Reputation: 881
df dataframe like this:
ID Category Result
1 A ...
2 B ...
3 B ...
4 C ...
Wherever the category is A, in them, assign three values of result(Pass,Fail,Hold) in random order given the proportion being 30,40,30 for each Result type. Similarly for other categories with different proportions. Any fast way to do this?
Currently I am using
np.split(df[cond],int([.3*len(df[cond])]),int([.7*len(df[cond])]))
to split the data into proportions followed by
df1[Result] = 'Pass'
df2[Result] = 'Fail'...
pd.concat([df1,df2,...all conditioned columns frames])
to get the full set.
Upvotes: 0
Views: 2003
Reputation: 164663
Here's an idea. You can use GroupBy
with np.random.choice
.
This doesn't guarantee your proportions are kept. For example, if you only have one row for a specific category, it cannot guarantee your proportions are kept if your weights are all non-zero. Even if they can be kept, the logic still uses "random" numbers to select each value.
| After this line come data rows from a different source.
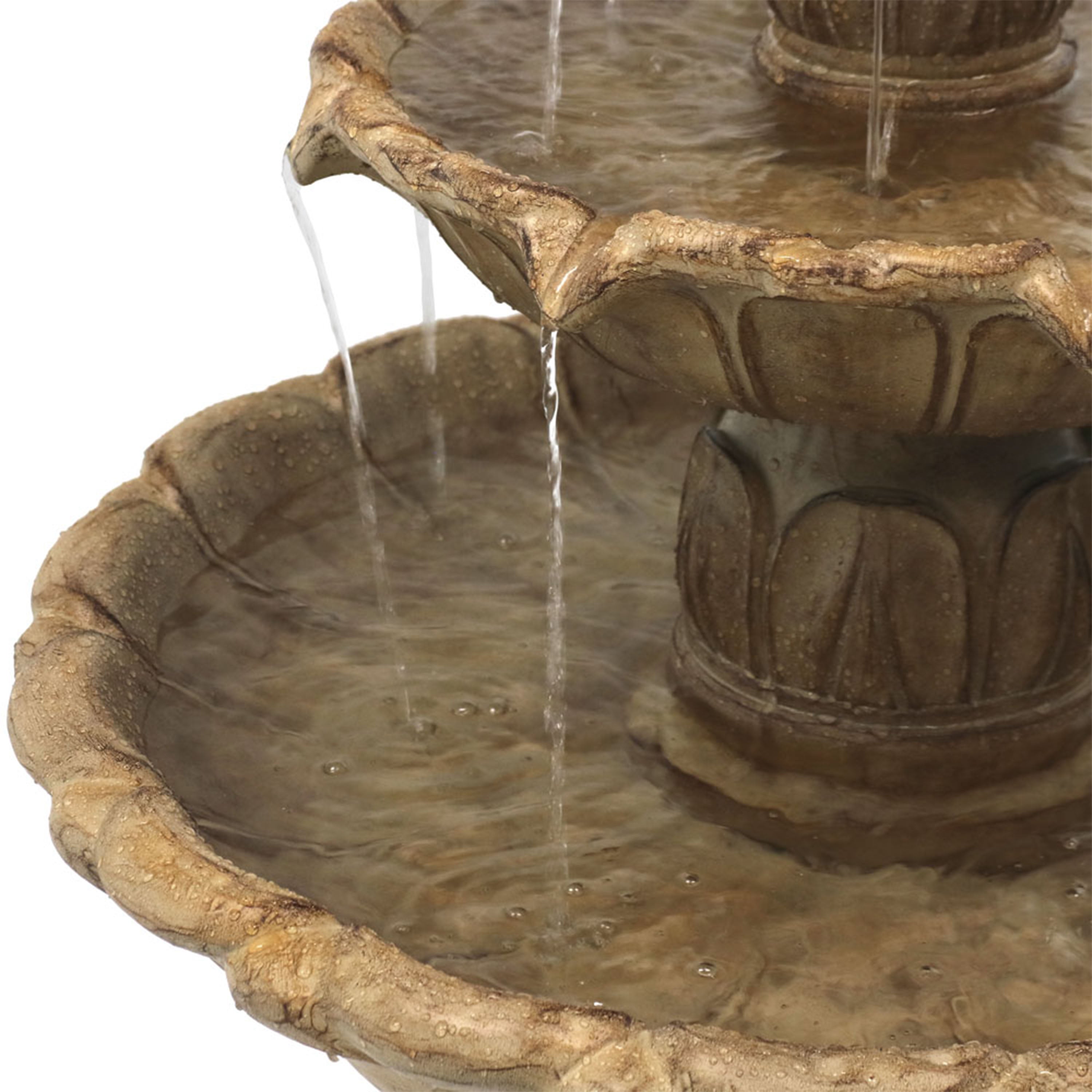 Sunnydaze Classic 3-Tier Tulip Outdoor Water Fountain - Garden Decor, Patio, Yard, and Backyard Relaxation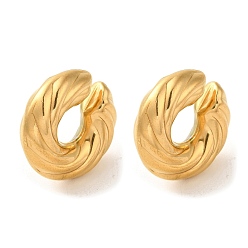 Золотой 304 ушные манжеты из нержавеющей стали, круглые, золотые, 29.5x30x10 мм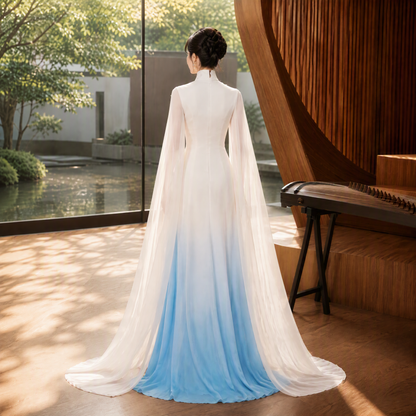 White and Blue Mandarin Collar Floral Embroidered Long Stagewear with Cape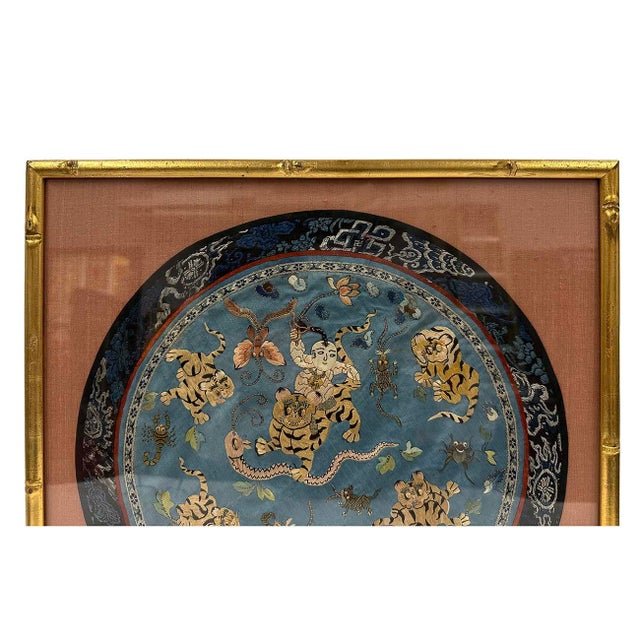 Originally purchased from Hong Kong, this Chinese antique embroidery presented in a museum quality. This textile was a...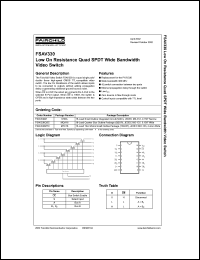 FSAV330 datasheet: Low On Resistance Quad SPDT Wide Bandwidth Video Switch FSAV330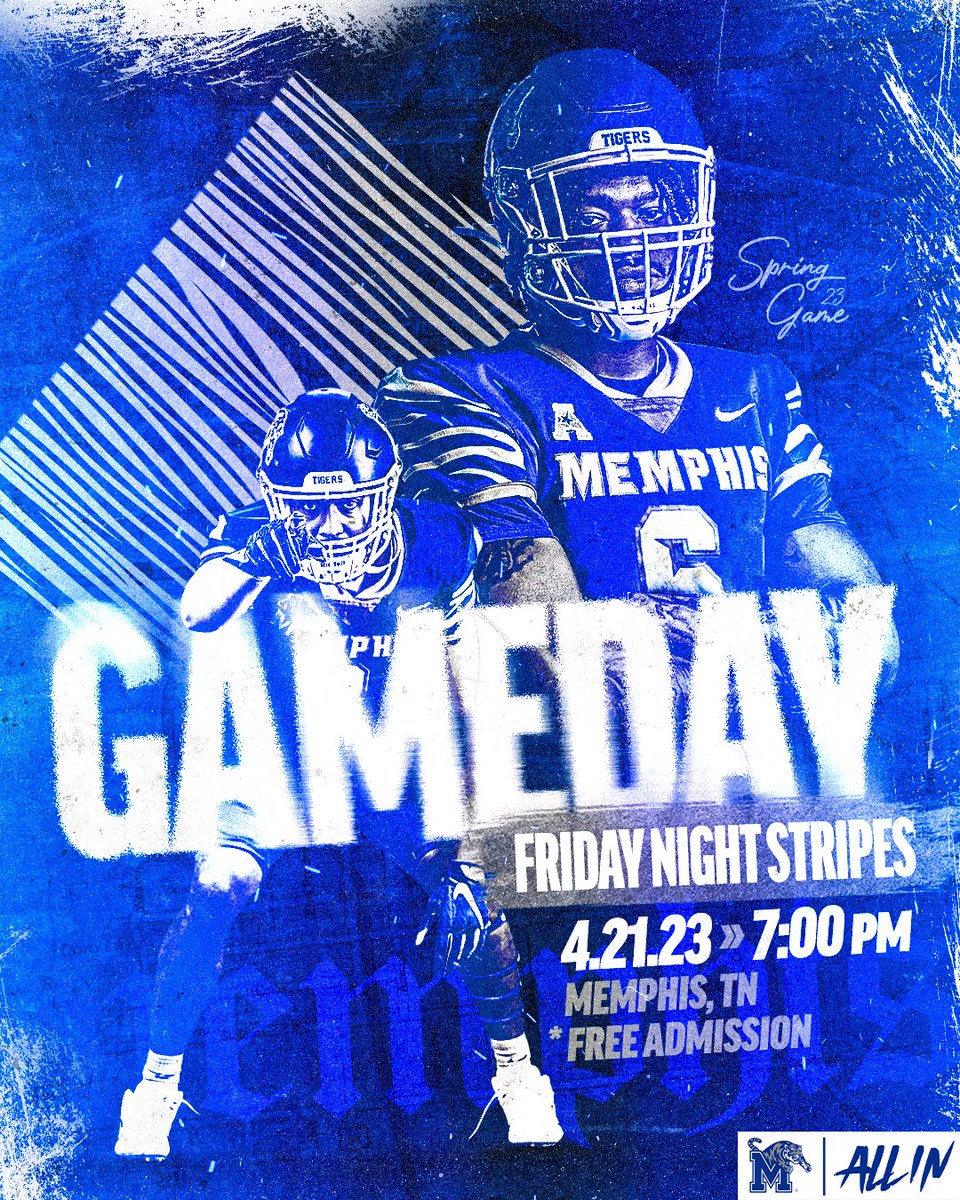 Get Up! It's Gameday!

🏈 | Blue vs Gray
🗓 | Friday, April 21st
⏰ | 7:00PM CST
🗺 | Simmons Bank Liberty Stadium

#ALLIN | #GoTigersGo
What you can say, with this method, is as your number of rows tends towards infinity, the ratios will tend towards the provided weights.
values = ['Pass', 'Fail', 'Hold']
weights = {'A': [0.3, 0.4, 0.3], 'B': [0.6, 0.2, 0.2]}
df = pd.DataFrame({'Category': list('A'*10 + 'B'*5)})
np.random.seed(0)
def apply_randoms(x):
key = x['Category'].iat[0]
return pd.Series(np.random.choice(values, size=len(x), p=weights[key]))
df = df.groupby('Category').apply(apply_randoms)\
.rename('Result').reset_index().drop('level_1', 1)
print(df)
Category Result
0 A Hold
1 A Fail
2 A Fail
3 A Hold
4 A Pass
5 A Pass
6 A Pass
7 A Hold
8 A Hold
9 A Hold
10 B Hold
11 B Fail
12 B Pass
13 B Fail
14 B Pass
Upvotes: 3